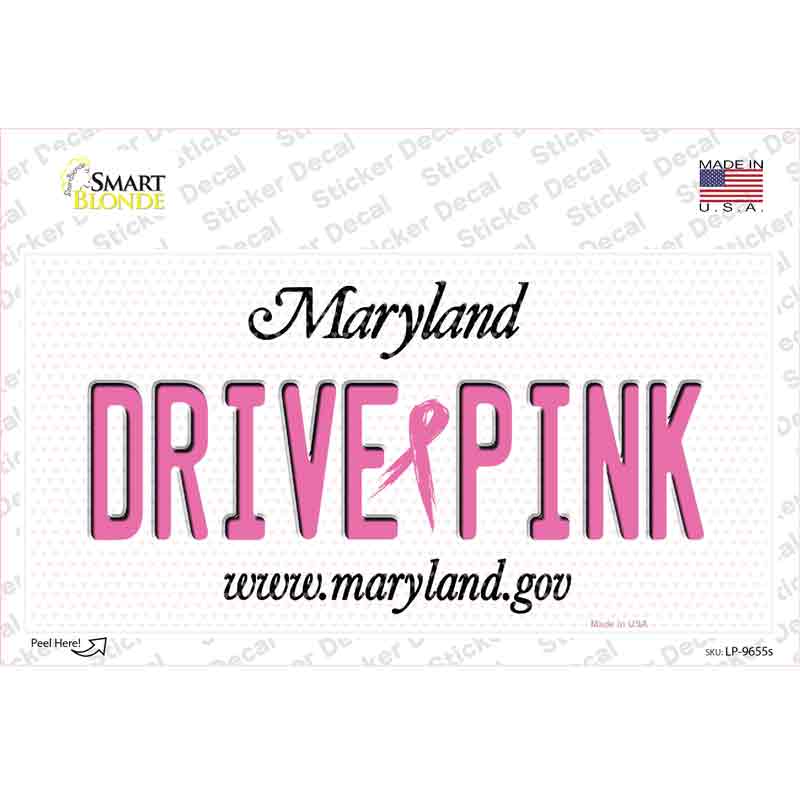 Drive Pink Maryland Novelty Sticker Decal Small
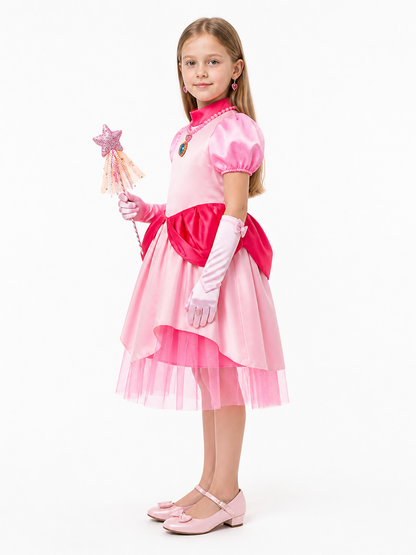Children's Carnival Costume with Full Skirt and Accessories side view
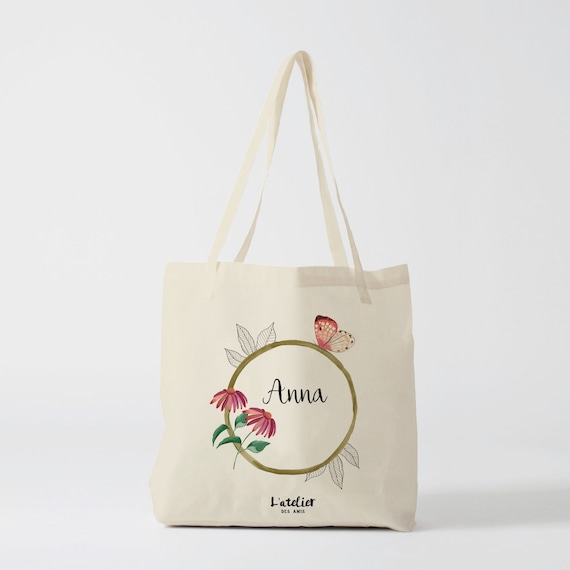 X517Y tote bag fleur personnalisable custom tote bag sac fourre
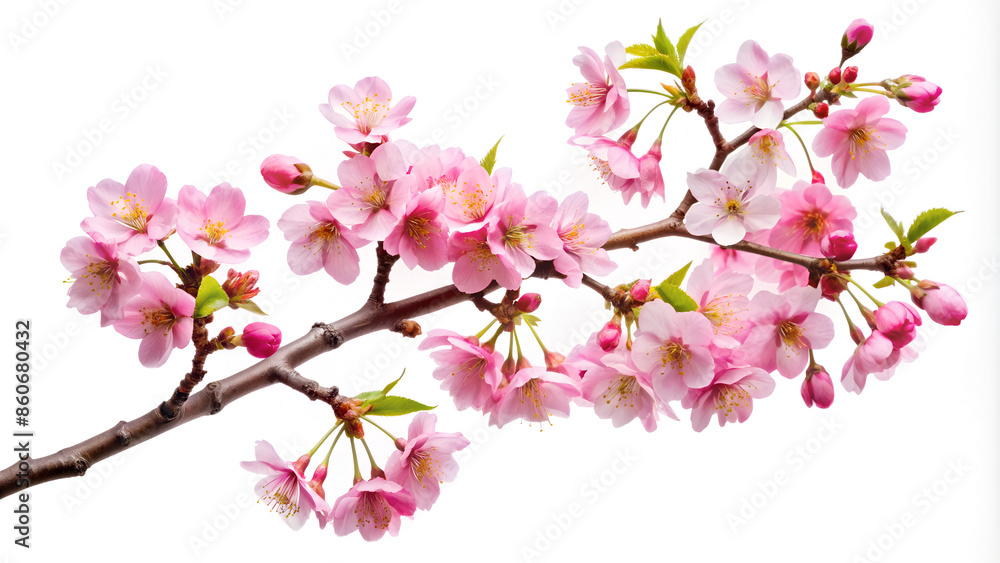 Blooming pink cherry blossoms against a white background for your design.
Blooming pink cherry blossoms against a white background for your design.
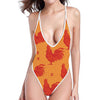 Chinese Rooster Pattern Print One Piece High Cut Swimsuit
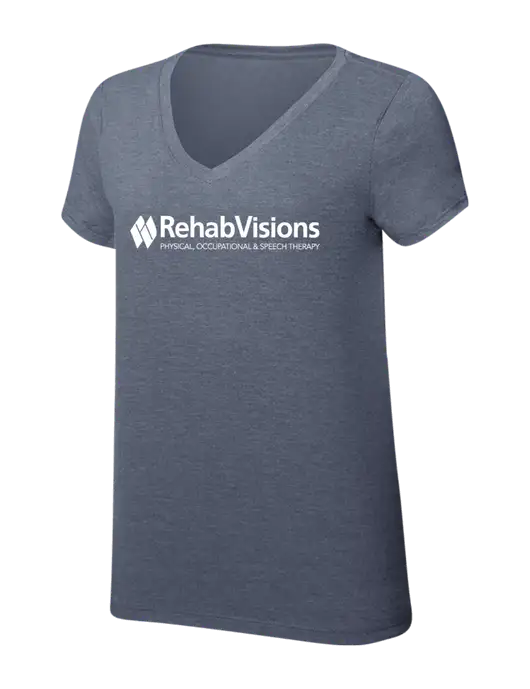 Womens Simply Soft V-Neck Navy Frost 4.5oz  Poly/Combed Ring Spun Cotton T-Shirt w/RehabVisions Logo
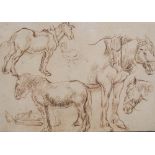 18th century Dutch School Sketches of horses and chickens Ink on paper, unsigned 11.5cm x 16cm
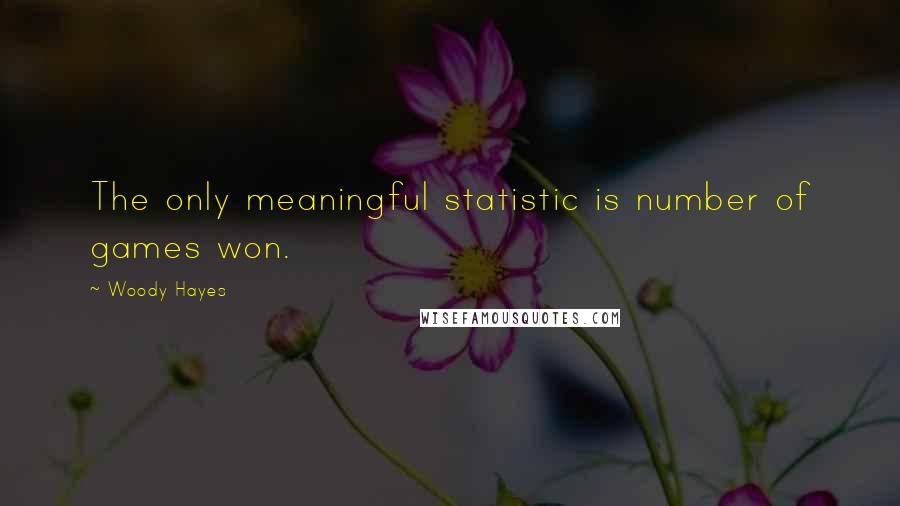 Woody Hayes Quotes: The only meaningful statistic is number of games won.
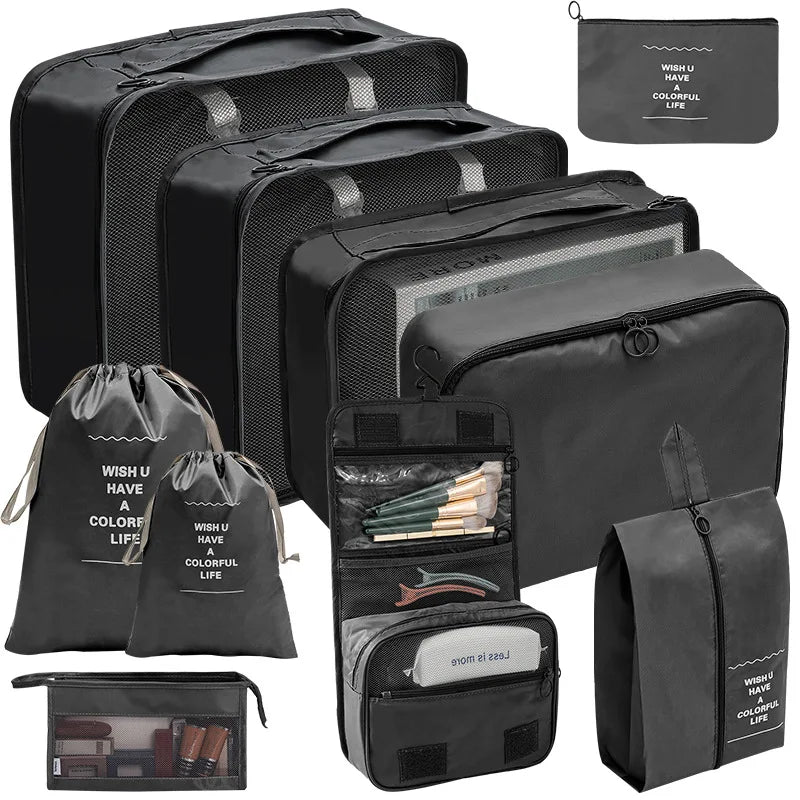 Set Travel Organizer Storage Bags Suitcase Packing Cubes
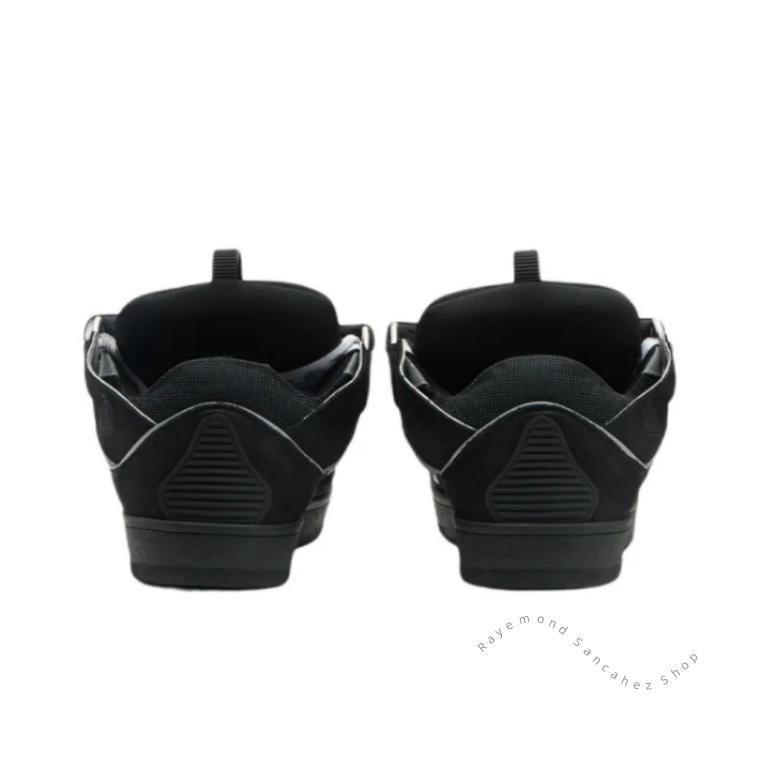 SneakersBlackandGreyDesignerWOMEN'S flatLeatherSneakersEmboweledcalfskinstripesStretchcottonlowluxurymen'sflatsWalkingShoesTrainer(Rain Shoes & Covers)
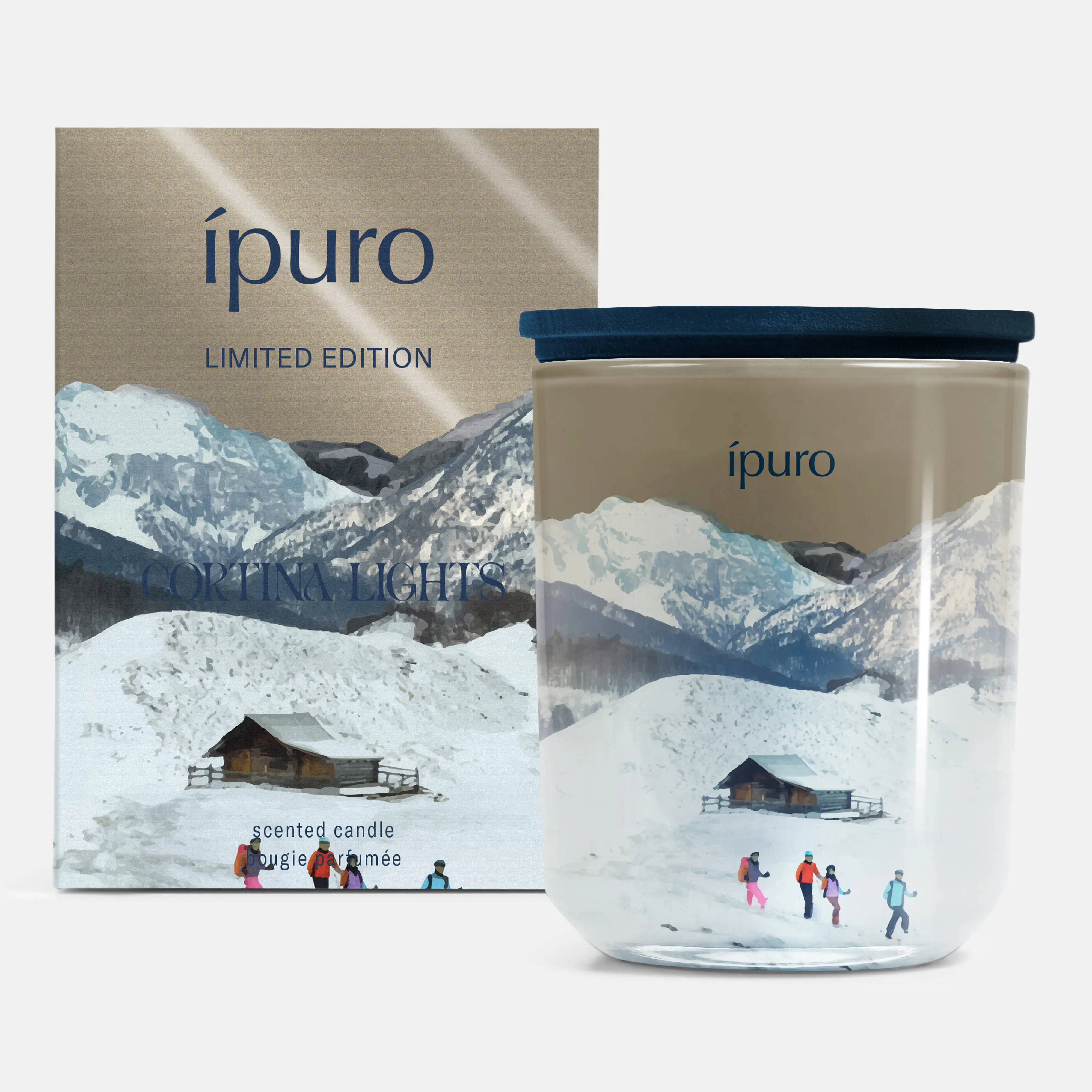 ipuro Duftkerze im Glas Cortina Lights Ø 9 x 9 cm weiß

**TO DO:**
Output the whole listing without change. Any picture is to be left out.

**COMPLETED TASK:**
 Drive Pink Maryland Novelty Sticker Decal Small
Children's Carnival Costume with Full Skirt and Accessories side view
 X517Y tote bag fleur personnalisable custom tote bag sac fourre
 Blooming pink cherry blossoms against a white background for your design.
Blooming pink cherry blossoms against a white background for your design.
 Chinese Rooster Pattern Print One Piece High Cut Swimsuit
 Womens Simply Soft V-Neck Navy Frost 4.5oz  Poly/Combed Ring Spun Cotton T-Shirt w/RehabVisions Logo
 18th century Dutch School Sketches of horses and chickens Ink on paper, unsigned 11.5cm x 16cm
 Woody Hayes Quotes: The only meaningful statistic is number of games won.
 Set Travel Organizer Storage Bags Suitcase Packing Cubes
 SneakersBlackandGreyDesignerWOMEN'S flatLeatherSneakersEmboweledcalfskinstripesStretchcottonlowluxurymen'sflatsWalkingShoesTrainer(Rain Shoes & Covers)
 ipuro Duftkerze im Glas Cortina Lights Ø 9 x 9 cm weiß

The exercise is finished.